* _Your assignment_: Take the lines from the head of the listing through the one bearing "Système de récompense StepN avis" and copy them exactly, leaving every picture out.

* _Data_:
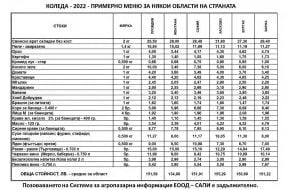 Колко излиза коледната трапеза у нас, в Румъния и на Острова, има съществена разлика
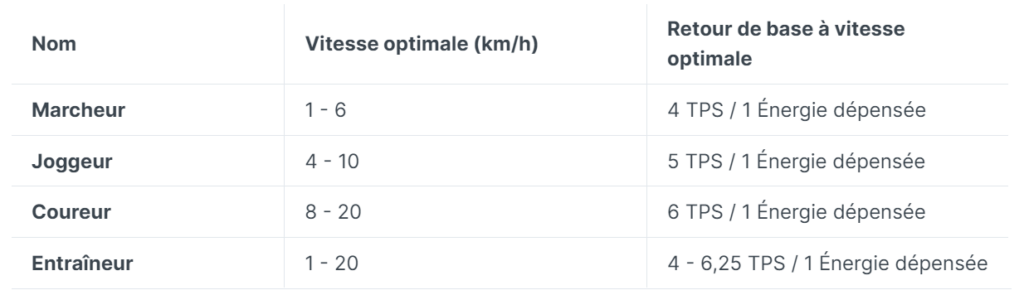 Système de récompense StepN avis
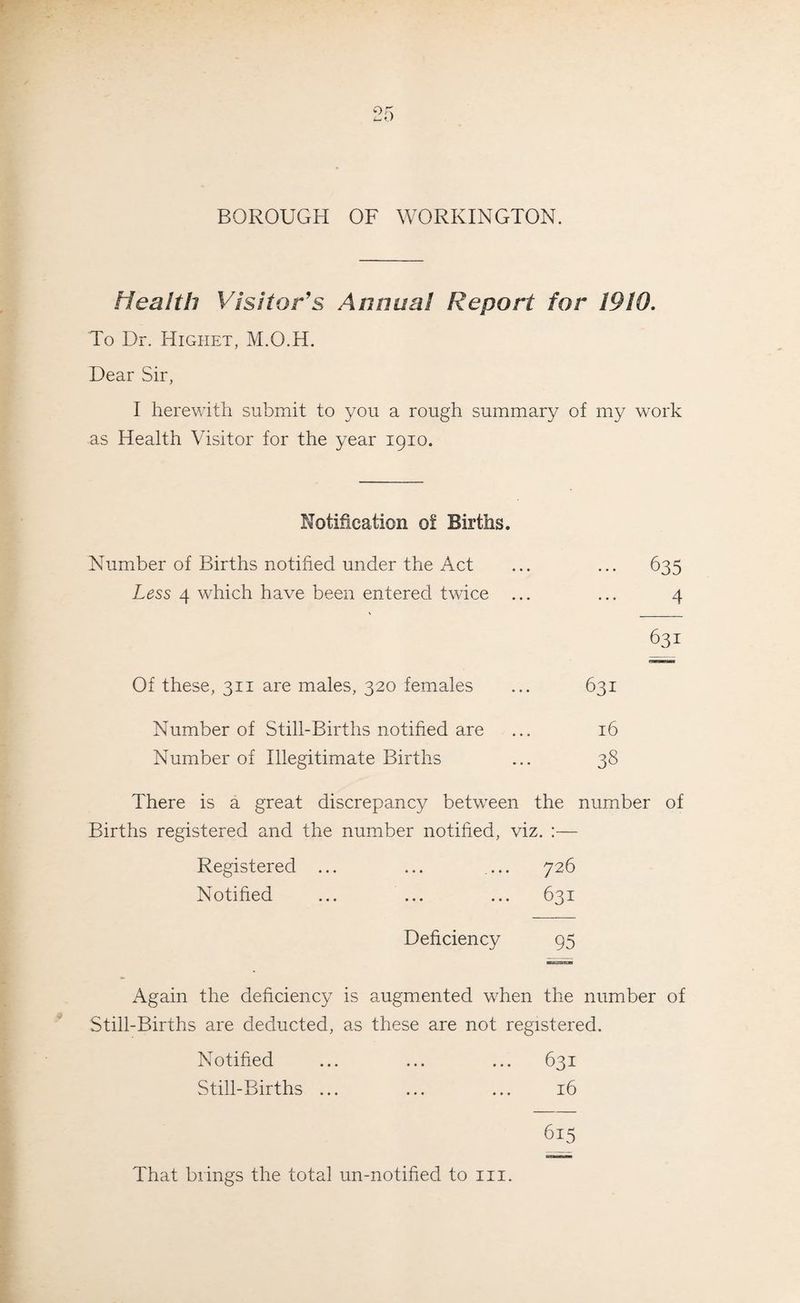 BOROUGH OF WORKINGTON. Health Visitor's Annual Report for 1910. To Dr. Highet, M.O.H. Dear Sir, I herewith submit to you a rough summary of my work as Health Visitor for the year 1910. Notification of Births. Number of Births notified under the Act ... ... 635 Less 4 which have been entered twice ... ... 4 631 Of these, 311 are males, 320 females ... 631 Number of Still-Births notified are ... 16 Number of Illegitimate Births ... 38 There is a great discrepancy between the number of Births registered and the number notified, viz. :— Registered ... ... .... 726 Notified ... ... ... 631 Deficiency 95 Again the deficiency is augmented when the number of Still-Births are deducted, as these are not registered. Notified ... ... ... 631 Still-Births ... ... ... 16 615 That brings the total un-notified to hi.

* _Written response_:
 Колко излиза коледната трапеза у нас, в Румъния и на Острова, има съществена разлика
 Système de récompense StepN avis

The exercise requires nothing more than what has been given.